** Opening Data for this task block **

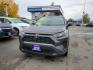 2020 GRAY TOYOTA RAV4 LE (2T3G1RFVXLC) with an 2.5L engine, Automatic transmission, located at 929 East 8th Ave, Anchorage, AK, 99501, (907) 274-2277, 61.214783, -149.866074 - Photo#0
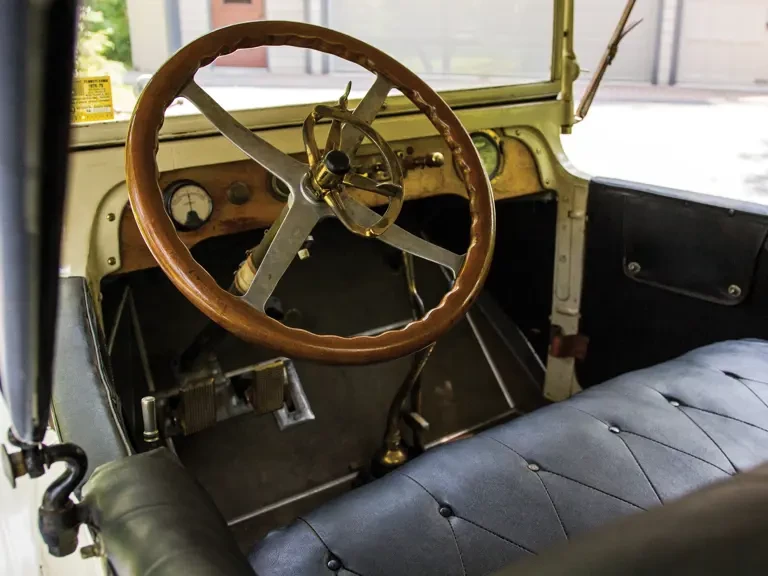 1915 Buick - Image 5 of 29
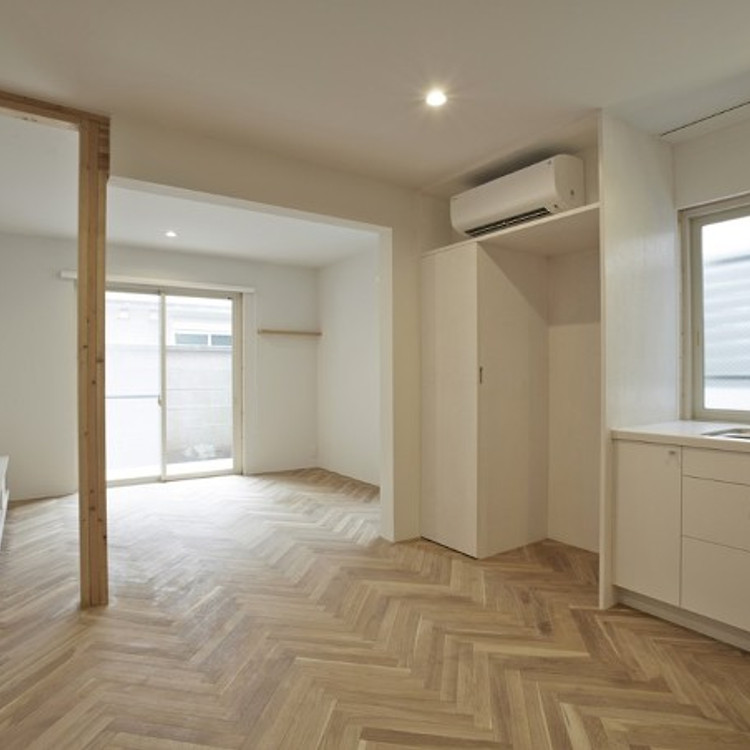 *일본 전원주택의 단아함 [ kikkawa architects ] house in atsugi to the japanese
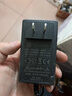 悠品12V2.5A/3A电源适配器电脑显示器电源线路由器机顶盒监控摄像头DC充电器5.5*2.5/2.1mm圆口通用2A 实拍图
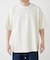 【Franklin Climbing】 マウンテンワッフルTEE
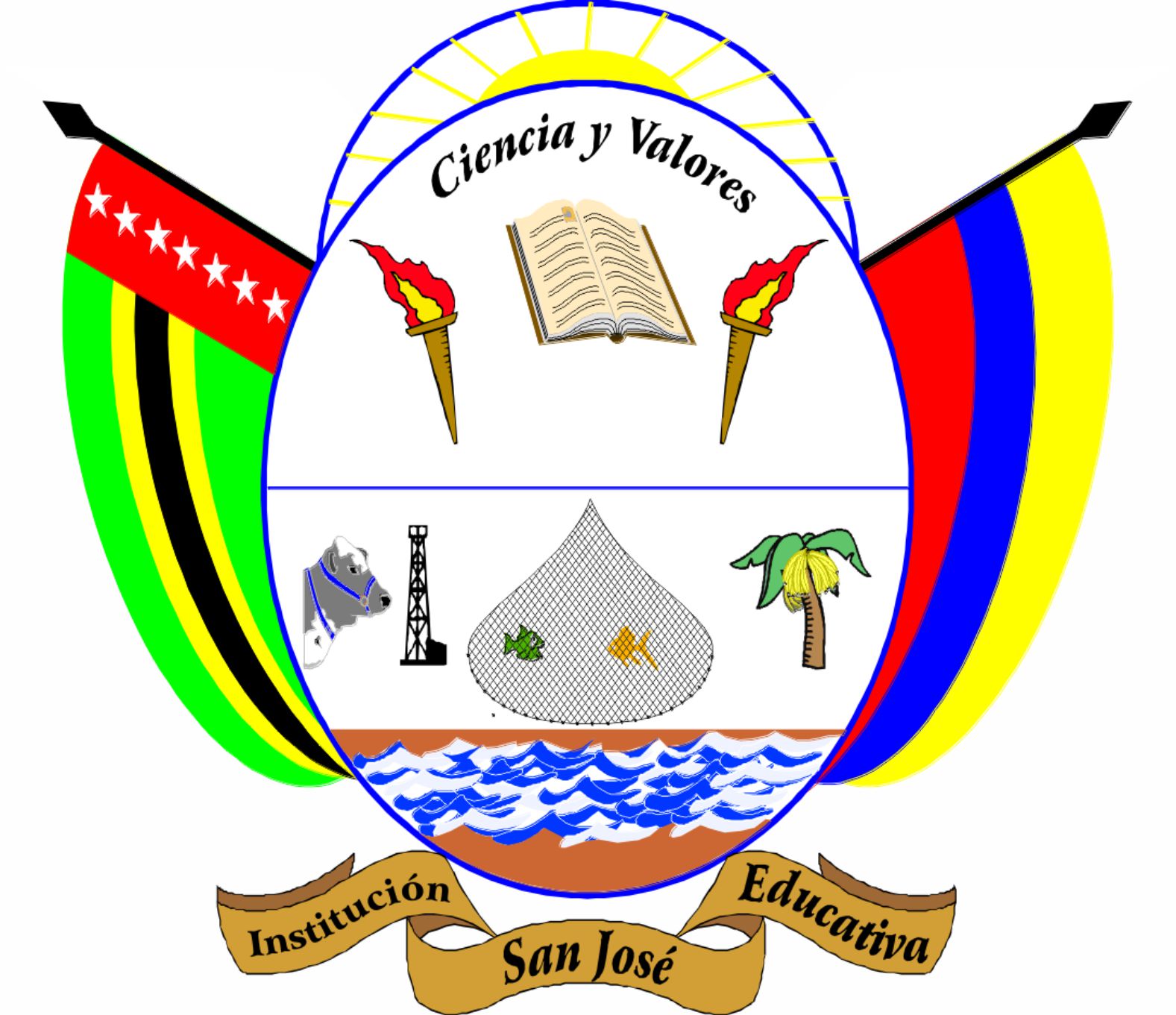 Escudo de San José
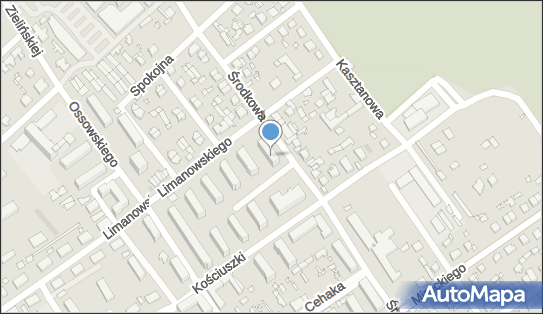 Monik, Środkowa 41/43, Żyrardów 96-300 - Przedsiębiorstwo, Firma, NIP: 8381227270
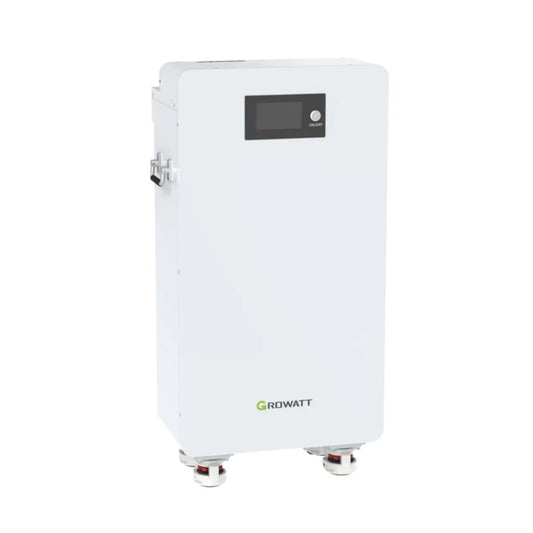 Batería Litio GROWATT 16kWh HOPE 16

** Closing Data for this task block **

The task>
Return only the lines from the line containing "Monik, Środkowa 41/43, Żyrardów" through the last line of the records above, both ends included, exactly as written, leaving pictures out.

Solution for this problem>
 Monik, Środkowa 41/43, Żyrardów 96-300 - Przedsiębiorstwo, Firma, NIP: 8381227270
 Batería Litio GROWATT 16kWh HOPE 16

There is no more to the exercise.